I stood there for a long time.
Then I rang the bell.
The door opened.
And there she was.
Hair loose. Lips parted. Those green eyes wide, flickering with something like relief and disbelief and hope.
I didn’t know what to say.
So I said the only thing that mattered.
“I’m sorry.”
She blinked. “What for?”
“For leaving. For not explaining. For … all of it.”
Her gaze softened as she stepped back, silently inviting me in. I crossed the threshold without hesitation, the door shutting behind me with a soft click.
“You don’t have to do this now,” she said, voice quiet but steady.
Her hand reached out, wrapping around mine—small, warm, certain.
“There’s time for apologies later.”
And then, without another word, she slipped her top off.
Just like that.
And my brain shut down.
Her body was soft curves and subtle strength—shoulders that held tension like grace, a waist that dipped just enough to make my throat tighten. Her breasts were full, high, tipped with dusky pink. Her skin was smooth and pale with a flush rising like flame.
I couldn’t move.
My heart was a war drum in my chest.
She stepped closer, fingers rising to the hem of my soaked shirt. She peeled it up slowly, her knuckles grazing my ribs, her breath warm against my collarbone.
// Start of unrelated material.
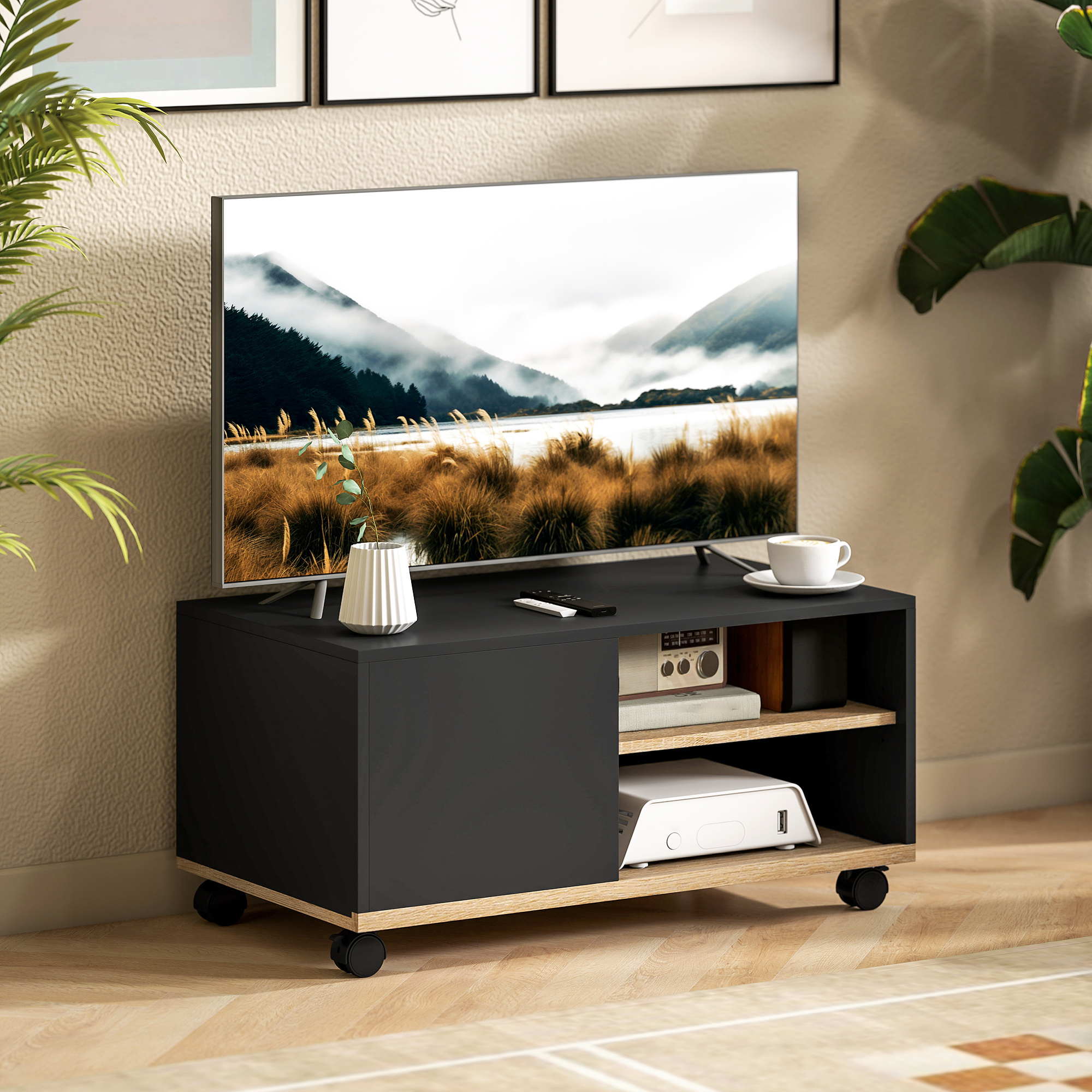 Tv Cabinet Lowboard On Wheels With Cabinet, Cable Management And Adjustable Shelf, Tv Table For Tvs Up To 32 Inches, Tv Board For Living Room, Black And Oak, 80 X 45 X 41 Cm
“You’re trembling,” she whispered.
“I don’t do this.”
Her eyes met mine. “Neither do I.”
She helped me with the rest. Belt. Pants. Wet fabric peeled down my thighs. She didn’t flinch when she saw the thick ridge of my arousal.
If anything, she smiled.
A soft, wicked thing that stole the air from my lungs.
I didn’t need help after that.
I picked her up, her legs wrapping around my waist like they belonged there. She was light in my arms—feather-soft and heat-heavy—and I carried her toward the bedroom like I was taking her into battle.
Because that’s what this was.
Not a surrender.
A choice.
To feel.
To hope.
To want.
No matter how much it might break me.